Script is called as follows

>>> python phonation.py <file_or_folder_audio> <file_features> <static (true or false)> <plots (true or false)> <format (csv, txt, npy, kaldi, torch)>

Examples command line:

>>> python phonation.py "../audios/001_a1_PCGITA.wav" "phonationfeaturesAst.txt" "true" "true" "txt"
>>> python phonation.py "../audios/098_u1_PCGITA.wav" "phonationfeaturesUst.csv" "true" "true" "csv"
>>> python phonation.py "../audios/098_u1_PCGITA.wav" "phonationfeaturesUdyn.pt" "false" "true" "torch"

>>> python phonation.py "../audios/" "phonationfeaturesst.txt" "true" "false" "txt"
>>> python phonation.py "../audios/" "phonationfeaturesst.csv" "true" "false" "csv"
>>> python phonation.py "../audios/" "phonationfeaturesdyn.pt" "false" "false" "torch"

Examples directly in Python

>>> from disvoice.phonation import Phonation
>>> phonation=Phonation()
>>> file_audio="../audios/001_a1_PCGITA.wav"
>>> features=phonation.extract_features_file(file_audio, static, plots=True, fmt="numpy")
>>> features2=phonation.extract_features_file(file_audio, static, plots=True, fmt="dataframe")
>>> features3=phonation.extract_features_file(file_audio, dynamic, plots=True, fmt="torch")

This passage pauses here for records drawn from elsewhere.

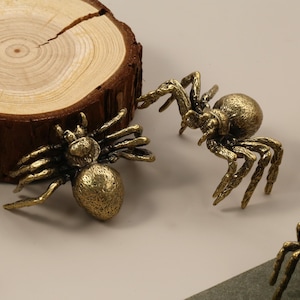 May include: Three bronze-coloured spider figurines with detailed legs and bodies are displayed. The spiders are positioned on a light surface near a wooden slice and a piece of wood. The spiders are a decorative item.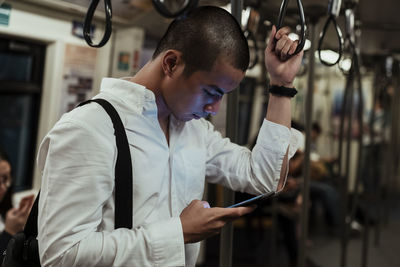 Man using smart phone while standing in train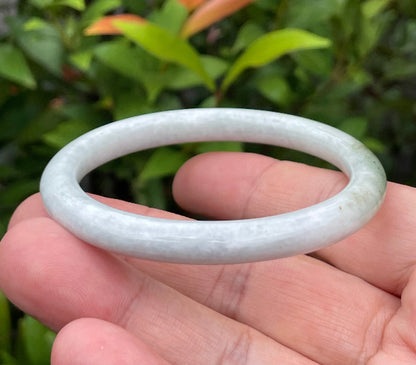 Solid icy milky white and moss green natural Type A Burmese jade bangle bracelet in size 55.9mm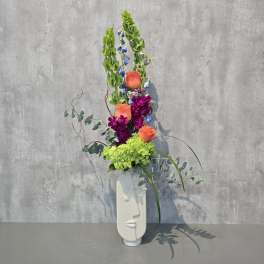 Tall floral arrangement with orange roses, purple blooms, and green hydrangea in a white vase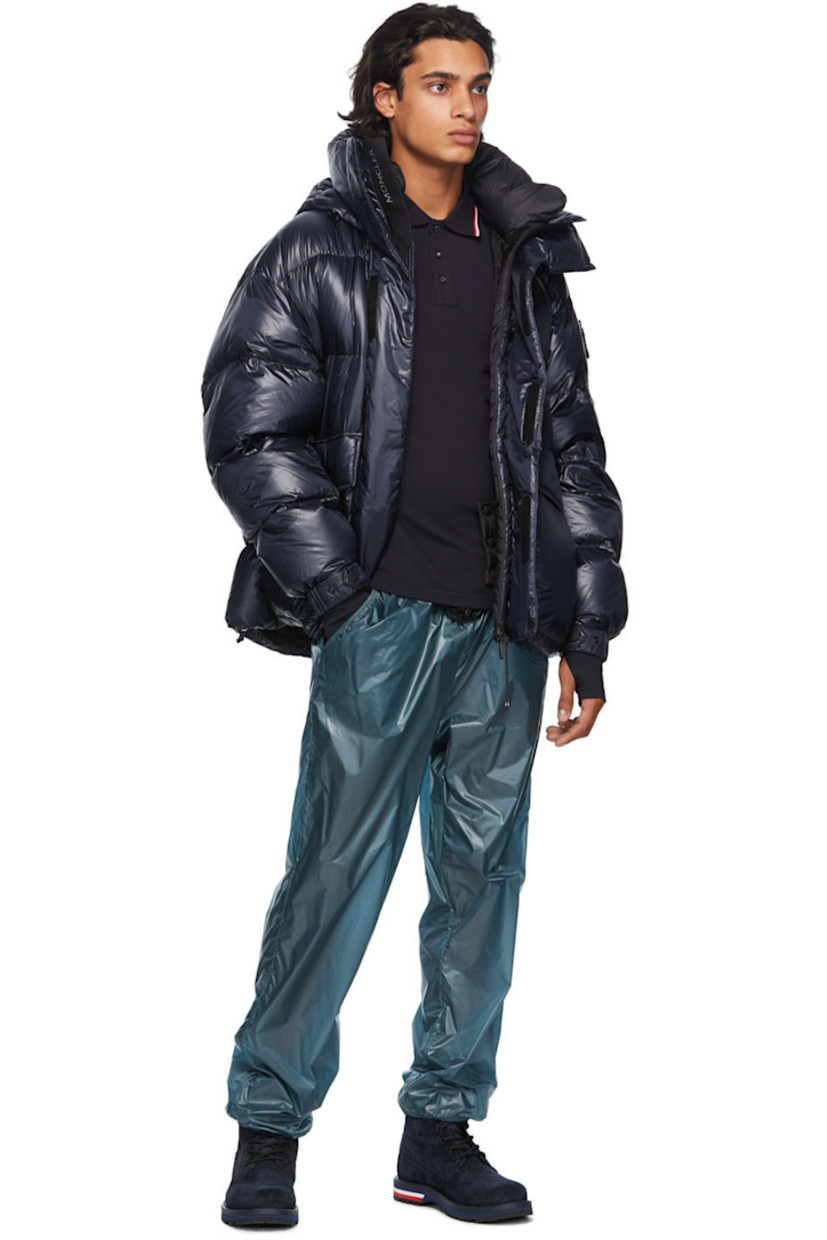 Long sleeve down-filled quilted technical ripstop coat in navy. Bungee-style drawstring at hood. Concealed zip closure with Velcro placket at front. Flap pockets and zippered pockets at waist. Detachable embroidered logo patch in black with Velcro fastening. Adjustable press-stud tab and thumb opening at integrated bonded jersey cuffs. Zippered pocket at interior featuring headphone wire opening. Integrated adjustable harness in black at interior with press-release buckle fastening. 

Supplier color: Blue

Fill: 90% goose down, 10% feathers.
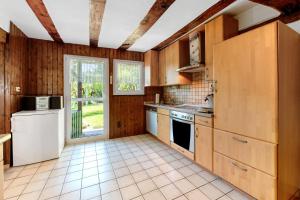 a kitchen with wooden cabinets and a white refrigerator at Ferienhäuschen Kleine Auszeit in Seesbach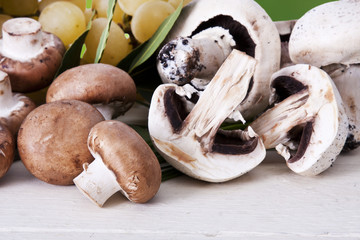 Still life of mushrooms and raw mushrooms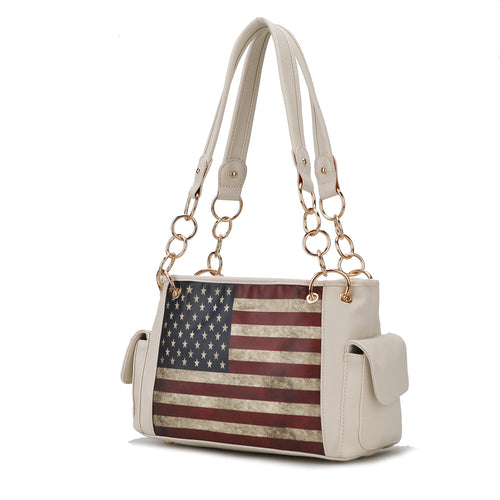 The Pink Orpheus Alaina Vegan Leather Women's Flag Shoulder Bag combines style and functionality with its white design and American flag motif. It is made of vegan leather, making it both fashionable and ethical.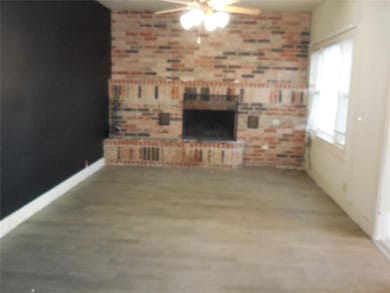 Unfurnished living room featuring ceiling fan and 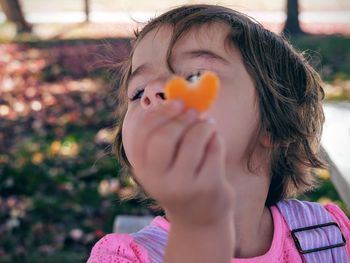 Close-up of girl showing orange heart shape candy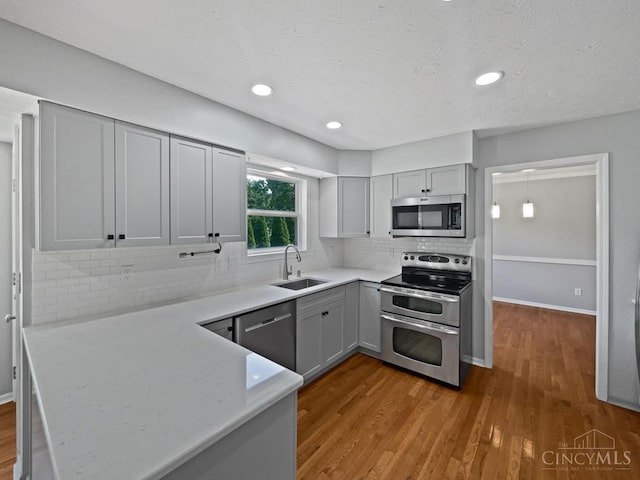 6336 Lansing Ct, Liberty Twp, OH 45011 - kitchen featuring stainless steel appliances, gray cabinetry, wood finished floors, decorative backsplash, and a peninsula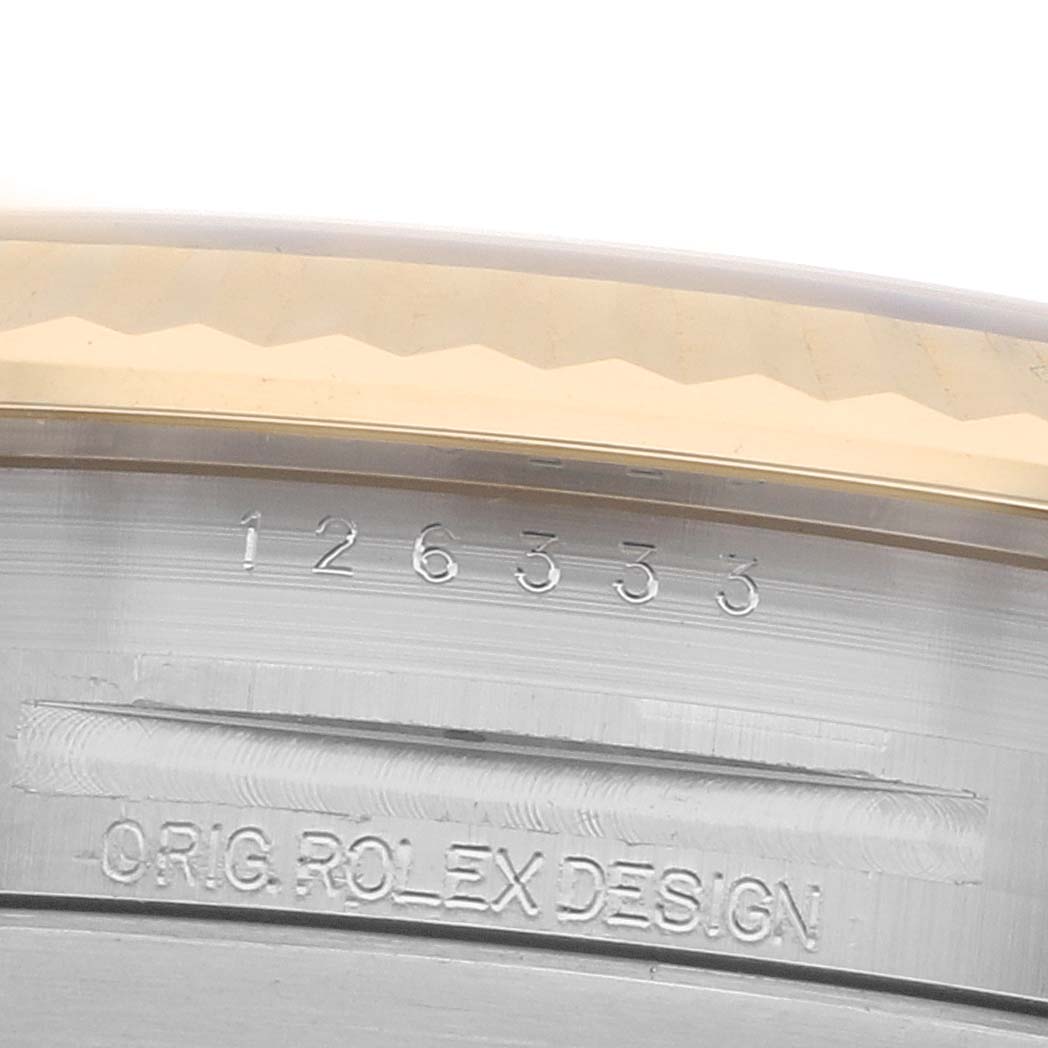The image shows a close-up of the side of a Rolex Datejust 41 126333 Men
s Steel and Gold (two tone) Silver Dial, highlighting the engraved model number and "Orig. Rolex Design."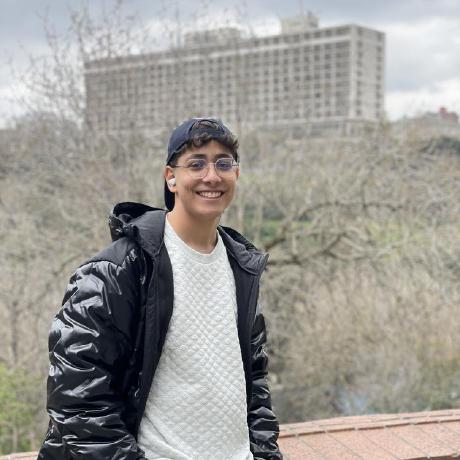 Moein Saharkhiz smiling outdoors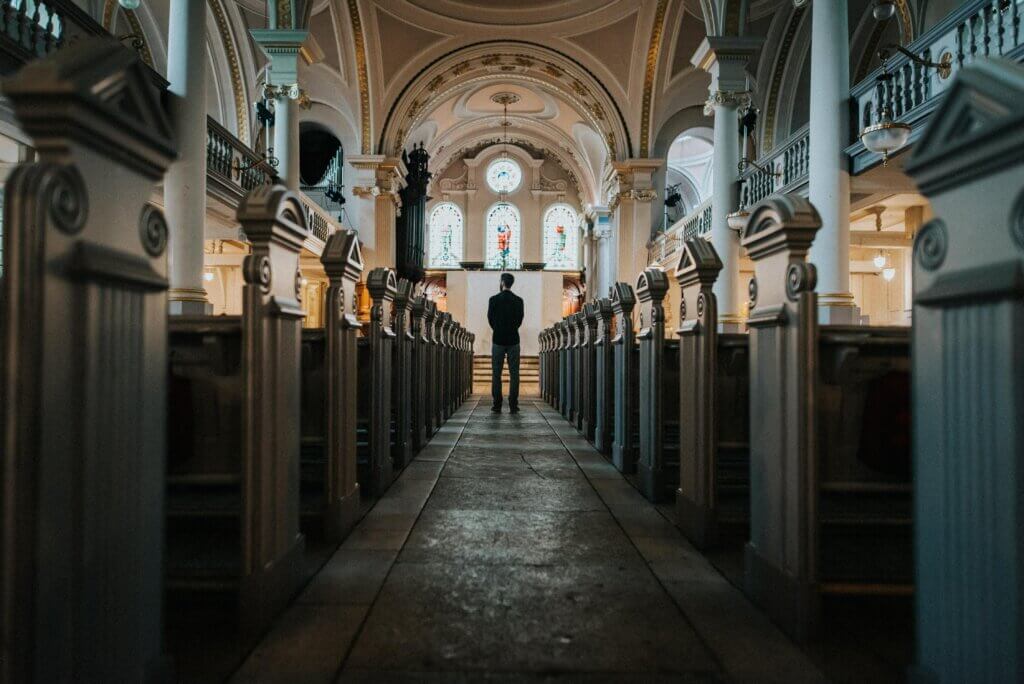 Person standing in a church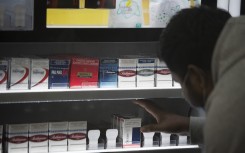 A shopkeeper packs well-known brands of cigarettes in his shop, as cigarettes are unbanned, in Athlone, Cape Town, on August 18, 2020 in Cape Town. 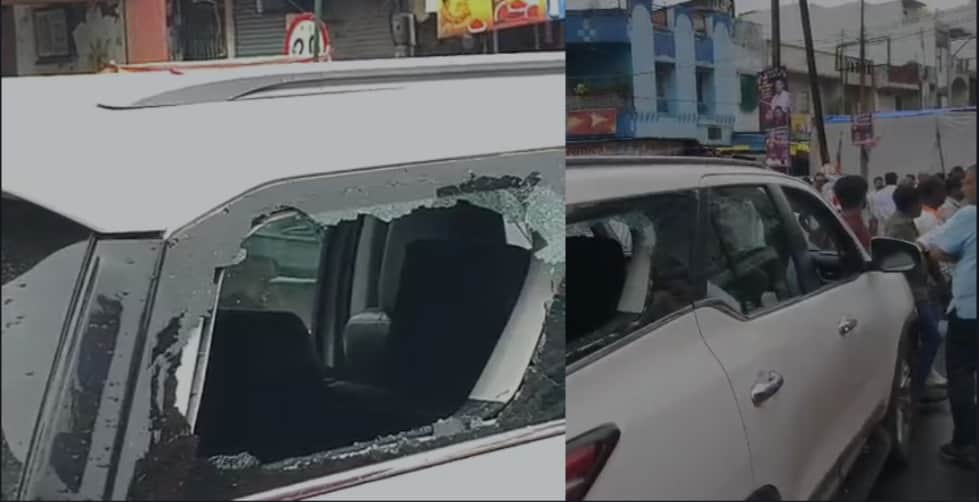 जीतू पटवारी के काफिले पर रविवार को रतलाम में हमला किया गया, गाड़ी के टूटे हुए शीशे।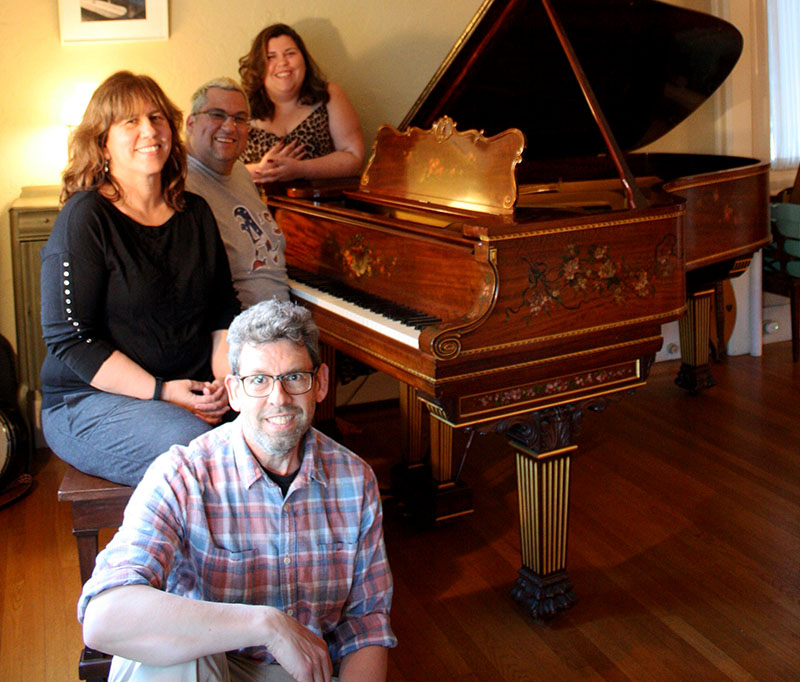 A family of two parents and two adult children pose around their grand piano in a cozy living room.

>>> path_audios="../audios/"
>>> features1=phonation.extract_features_path(path_audios, static, plots=False, fmt="numpy")
>>> features2=phonation.extract_features_path(path_audios, static, plots=False, fmt="torch")
>>> features3=phonation.extract_features_path(path_audios, static, plots=False, fmt="dataframe")

extract_features_file(audio, static=True, plots=False, fmt='npy', kaldi_file='')¶

Extract the phonation features from an audio file

Parameters:	audio – .wav audio file. static – whether to compute and return statistic functionals over the feature matrix, or return the feature matrix computed over frames plots – timeshift to extract the features fmt – format to return the features (npy, dataframe, torch, kaldi) kaldi_file – file to store kaldi features, only valid when fmt==”kaldi”
Returns:	features computed from the audio file.

>>> phonation=Phonation()
>>> file_audio="../audios/001_a1_PCGITA.wav"
>>> features1=phonation.extract_features_file(file_audio, static=True, plots=True, fmt="npy")
>>> features2=phonation.extract_features_file(file_audio, static=True, plots=True, fmt="dataframe")
>>> features3=phonation.extract_features_file(file_audio, static=False, plots=True, fmt="torch")
>>> phonation.extract_features_file(file_audio, static=False, plots=False, fmt="kaldi", kaldi_file="./test")

extract_features_path(path_audio, static=True, plots=False, fmt='npy', kaldi_file='')¶

Extract the phonation features for audios inside a path

Parameters:

path_audio – directory with (.wav) audio files inside, sampled at 16 kHz
static – whether to compute and return statistic functionals over the feature matrix, or return the feature matrix computed over frames
plots – timeshift to extract the features
fmt – format to return the features (npy, dataframe, torch, kaldi)
kaldi_file – file to store kaldifeatures, only valid when fmt==”kaldi”

Returns:

features computed from the audio file.

>>> phonation=Phonation()
>>> path_audio="../audios/"
>>> features1=phonation.extract_features_path(path_audio, static=True, plots=False, fmt="npy")
>>> features2=phonation.extract_features_path(path_audio, static=True, plots=False, fmt="csv")
>>> features3=phonation.extract_features_path(path_audio, static=False, plots=True, fmt="torch")
>>> phonation.extract_features_path(path_audio, static=False, plots=False, fmt="kaldi", kaldi_file="./test.ark")

plot_phon(data_audio, fs, F0, logE)¶

Plots of the phonation features

Parameters:	data_audio – speech signal. fs – sampling frequency F0 – contour of the fundamental frequency logE – contour of the log-energy
Returns:	plots of the phonation features.